[Brief descriptive captions]
<<<<

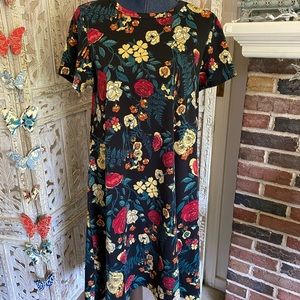 LuLaRoe Floral Print. Army Medium EUC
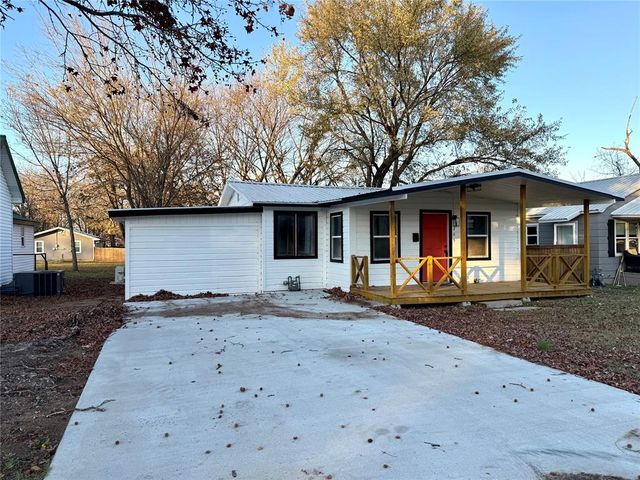 205 Duffee Avenue, Eufaula, OK 74432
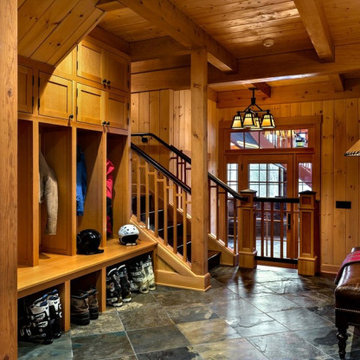 Alpine Ski Home: Entry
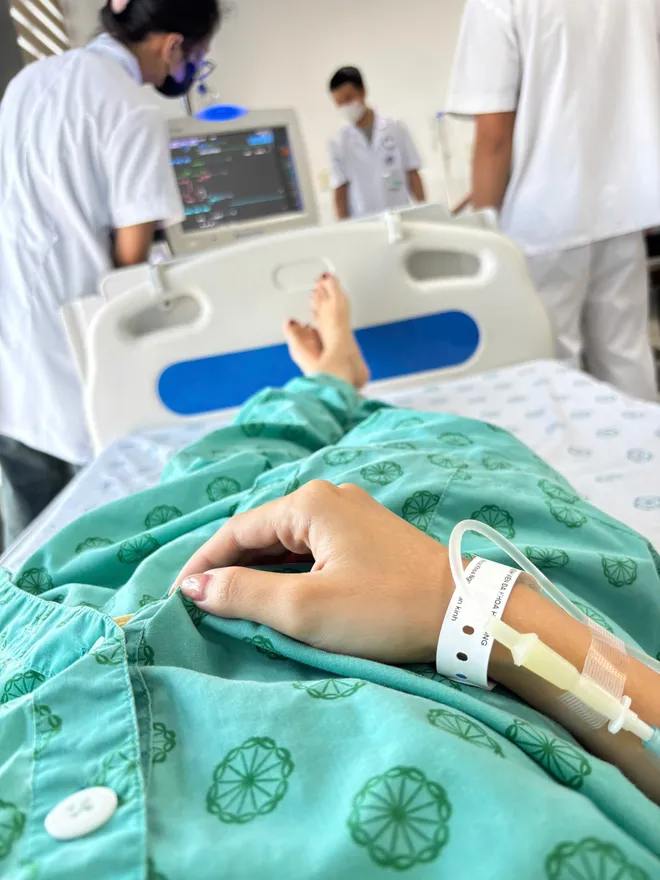 Người mẹ hai con ở Hà Nội trình báo bị chồng hành hung tại chung cư - Ảnh 2.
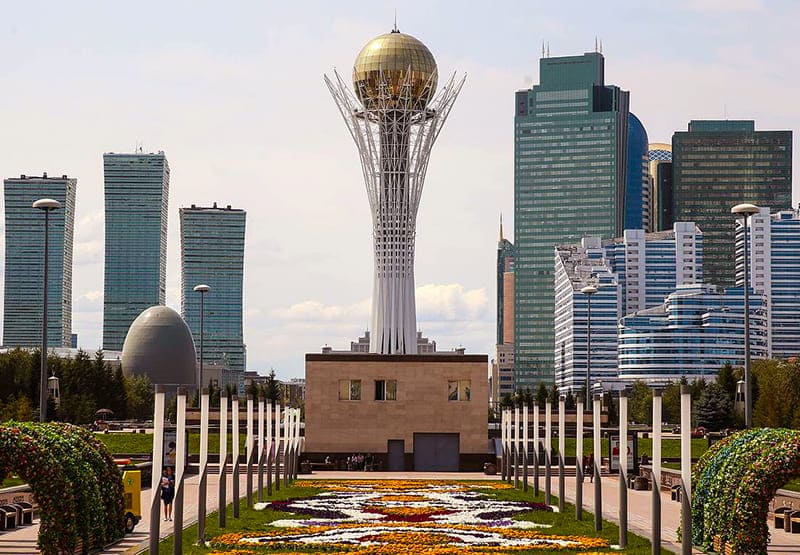 Две столицы Казахстана из Новосибирска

>>>>

What is being asked:
Could you reproduce every record above exactly, leaving out the pictures?

Expected answer:
 LuLaRoe Floral Print. Army Medium EUC
 205 Duffee Avenue, Eufaula, OK 74432
 Alpine Ski Home: Entry
 Người mẹ hai con ở Hà Nội trình báo bị chồng hành hung tại chung cư - Ảnh 2.
 Две столицы Казахстана из Новосибирска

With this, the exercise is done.